The hotplug event handler also has to notify the virtualization layer 
that a hardware resource will be eliminated so that the virtual 
machine(s) that was (were) currently using it get it taken away from 
their resources or have it substituted by another available equivalent
physical resource.

------------------------------------------------
Workflow for Scenario (2) on Capacity management 
------------------------------------------------

This scenario covers the expected succession of events when a system
administrator decides that the existing physical resources are no 
longer sufficient to either cover the needs of the current virtual 
machines or to allow for creation of new virtual machines needed to 
complete the project. The virtualization layer may or may not provide 
a management tool as an aid to the system administrator to highlight 
such needs . Such management tool could also provide a means to 
communicate with the virtualization layer that a new component needs 
to be added and that a hotplug event to add that component needs to 
be generated. 

------------------------------------------------
Workflow for Scenario (3) on Migration of the virtualization layer 
------------------------------------------------
This scenario covers the expected succession of events when a system
administrator decides that a set of existing physical resources must 
be replaced either in the context of an upgrade or for full 
replacement of one of the platforms that contributes to the hardware 
resources. The latter case can of course only occur in a configuration
in which the hardware resources are constituted by multiple separate 
platforms. It is the responsibility of the system administrator to 
either directly inform the VMM of the request for hot remove of those
components or to provide the management tool with the information 
required to handle the hotplug event.
The challenge in this specific scenario is that several components 
will be removed at the same time. So if the mechanism used to transfer
the VMM to other resources can be made aware of the fact that multiple
components are being hot-removed the operation may be more efficient 
and coherent than if each component is removed individually. 
After the hot-remove of all components was successfully accomplished 
the physical components are replaced,  and the proper actions are
taken to initiate to trigger hot-add of those new components. The 
specifics of how the hot-add is triggered is very dependent of the 
VMM itself (depends on things such as what the VMM kernel is or if
the VMM has its own embedded management tool).

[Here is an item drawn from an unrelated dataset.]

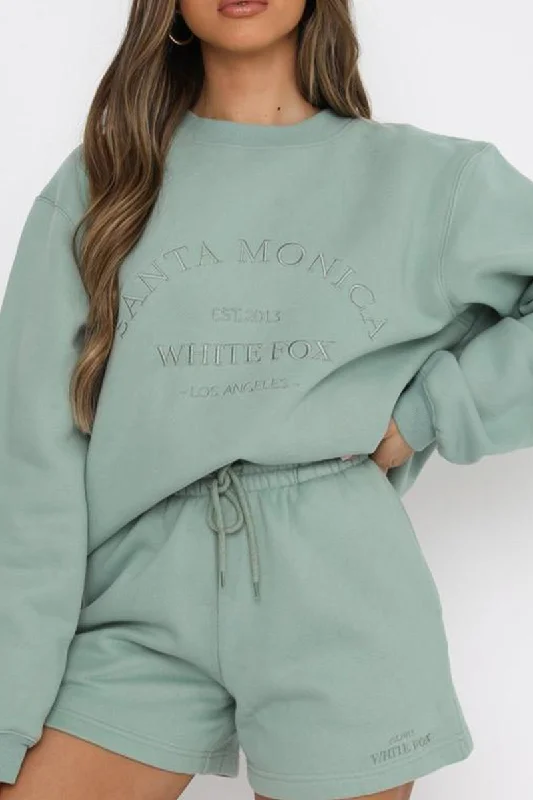 Casual Letter Embroidered O Neck Tops Laid - back Women's Vibe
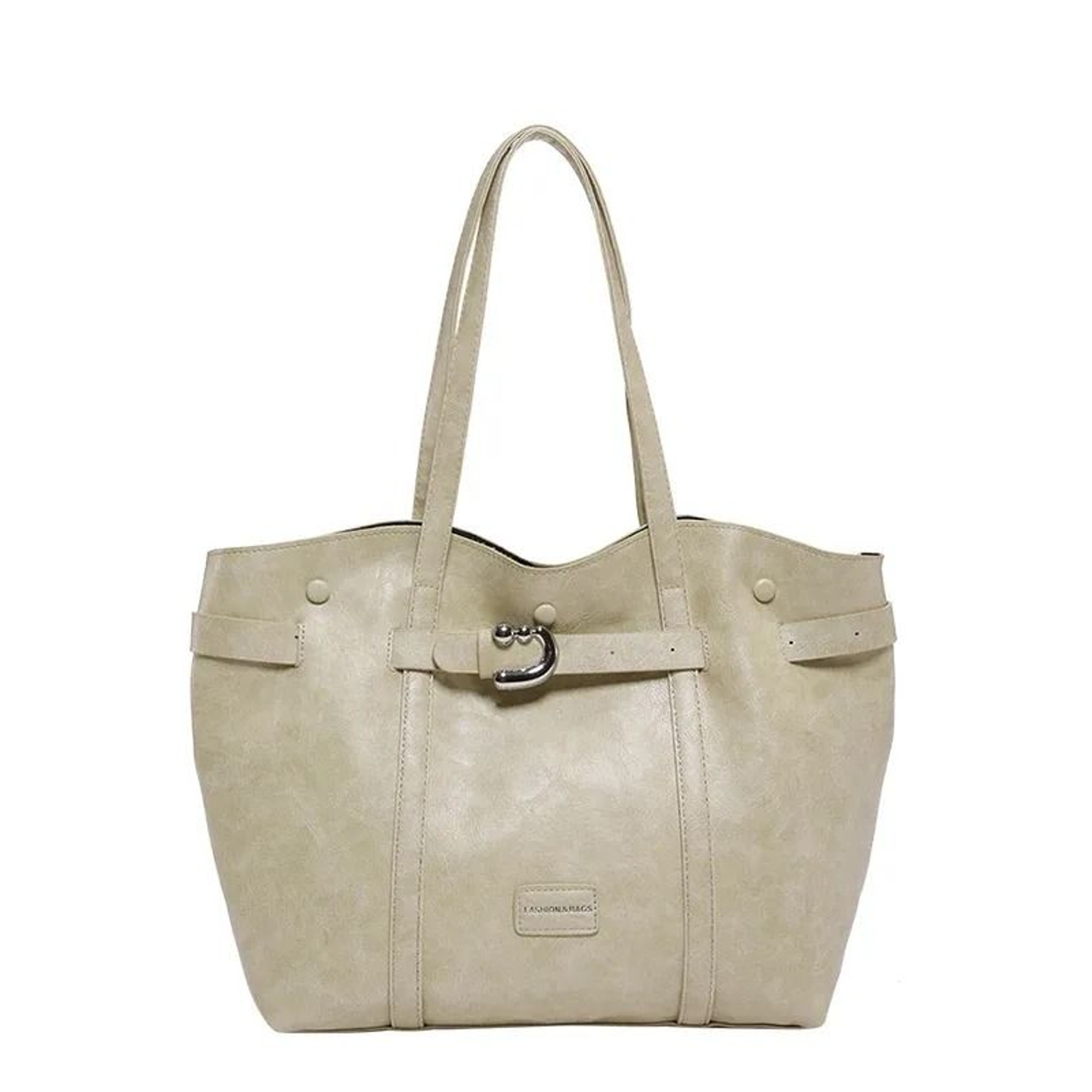 Beige Extra Large Women Tote Bag With Turn Down Pockets And String Closure 1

------------------------------------------------
Workflow for Scenario (4) on Virtual resources management
------------------------------------------------
This scenario covers the expected succession of events when 
redistribution of resources is required to address the current needs 
of the guest OSs as their workloads vary. An application manager or 
a priviledged user knowing their application's workload requirements
may request to the VMM that specific type/amount of resources be 
allocated to a given virtual machine. We assume that the guest OS 
running on the virtual machine can support all types of hotplug 
events. Also for this use case we will assume that any given CPU
that has been hot-added to a virtual machine is fully dedicated to 
that VM. From the OS's point-of-view the hotplug event will be handled
identically as when the OS is running directly on the hardware except 
that when a resource such as a CPU is removed instead of passing it 
down to the PAL it will be passed to the VMM. While each specific
implementation of virtualization may lead to a different interaction
process between the VMM and the OS running on each VM, the mechanism 
of redistributing the virtual resources from a hotplug point-of-view
is the same.

---------------------------------
Dependencies
---------------------------------
** An event log analyzer needs to be present in the system to detect 
when a component shows signs of failure. 
** The guest OS support logical hotplugging of all possible components
** Possibly changes will be needed in the system firmware to support 
the various hotplug operations.

---------------------------------
Implementation Notes
---------------------------------
In the previous 3 scenarios one has to take into account the 
possibility that the replacement hardware is of a different type than 
the original, for example a more recent version of a device or a 
different speed CPU. The hot-add operations for each component is 
responsible for handling such event.

---------------------------------
References
---------------------------------
[Goldberg74]  "Survey of Virtual Machines Research", Robert P. 
Goldberg,  IEEE Computer, pp. 34-45, June 1974